L’amazone écarlate
Belle, passionnée, aussi adulée qu’exécrée, Théroigne de Méricourt se bat, jusqu’à se perdre, pour la reconnaissance des droits civils et politiques des femmes. Mais raillée par ses ennemis, insultée par les pamphlétaires, déçue par la Révolution et publiquement outragée, la Belle Liégeoise, abandonnée de tous, sombre dans la folie.
Après le 4 août 1789, qui scelle l’abolition des privilèges et donc de l’ancien statut des femmes, de nouvelles figures féministes se dressent, armées de leurs revendications. Parmi elles, Théroigne de Méricourt, l’une des pionnières du féminisme. « Théroigne, c’est l’histoire d’un malentendu, souligne l’historien Philippe Séguy. Toute sa vie, on la fait passer pour ce qu’elle n’est pas, c’est atroce. Et il y a de quoi devenir folle ! »
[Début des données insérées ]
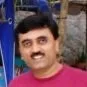 Hiten Ghelani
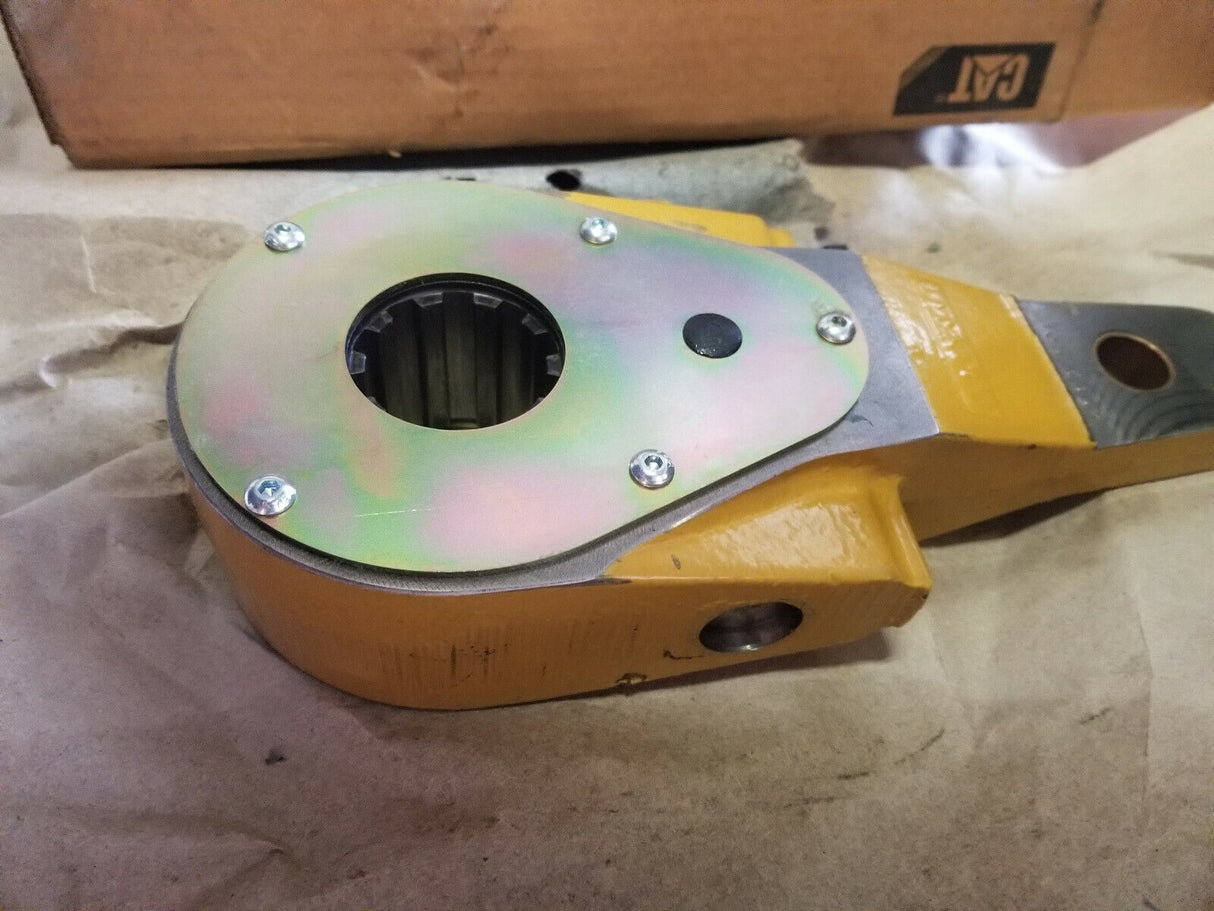 169-2904 OEM CATERPILLAR Adjuster Group-Slack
À l’école de l’humiliation
Née Anne-Josèphe Terwagne le 13 août 1762 à Marcourt, dans l’ancienne principauté de Liège, elle perd sa mère à l’âge de 5 ans. Sa vie bascule alors dans le malheur. Son père la confie à des tantes puis au couvent des Ursulines de Liège, « un vrai bagne où elle est sans cesse humiliée », raconte Philippe Séguy. Après le remariage de son père, sa belle-mère la maltraite et en fait sa domestique. Elle fuit alors chez des grands-parents, chez une tante, mais ne subit que brimades et mauvais traitements. Par chance, une femme du monde,
Mme Colbert, la prend sous son aile. Théroigne vit ensuite une existence de demi-mondaine entre Paris et Londres, séduite d’abord un jeune lord anglais, puis manipulée et escroquée par un chanteur d’opéra, Giacomo David. Persuadée qu’une carrière de cantatrice lui assurera l’indépendance dont elle rêve, elle le suit jusqu’en Italie et attrape la syphilis. C’est là que lui parviennent les frémissements de la Révolution française. Portée par ses idéaux d’égalité et de liberté, c’est décidé, elle sera une femme de la Révolution. Elle se précipite à Versailles pour assister aux débats de l’Assemblée.
Catin terroriste
Brune, des yeux bleus, une belle peau, une taille menue et des traits délicats : Théroigne est séduisante. Sa voix et son exaltation la rendent rapidement populaire. Fin octobre 1789, elle suit l’Assemblée à Paris. Elle fréquente les clubs de la Révolution, rencontre Danton, Marat, Desmoulins. Elle fonde un club avec Charles-Gilbert Romme, la Société des Amis de la Loi. Elle sait gagner le coeur des foules. « Elle adopte alors une tenue d’amazone écarlate, porte un petit sabre, décrit Philippe Séguy. Elle a un côté très théâtral, et se révèle excellente oratrice. Mais dès qu’elle parle des femmes, tout le monde s’esclaffe. Rapidement, on se détourne d’elle, on la caricature. » Moquée par les révolutionnaires, elle s’attire également les foudres des royalistes : « Elle qui est issue d’une gauche modérée, respectueuse de la propriété, est dépeinte comme une goule immonde, une catin qui couche avec tous les révolutionnaires, une dangereuse terroriste qu’on accuse de vouloir tuer la reine. On raconte qu’elle a mené les femmes lors des journées d’octobre, alors qu’elle n’y était même pas ! »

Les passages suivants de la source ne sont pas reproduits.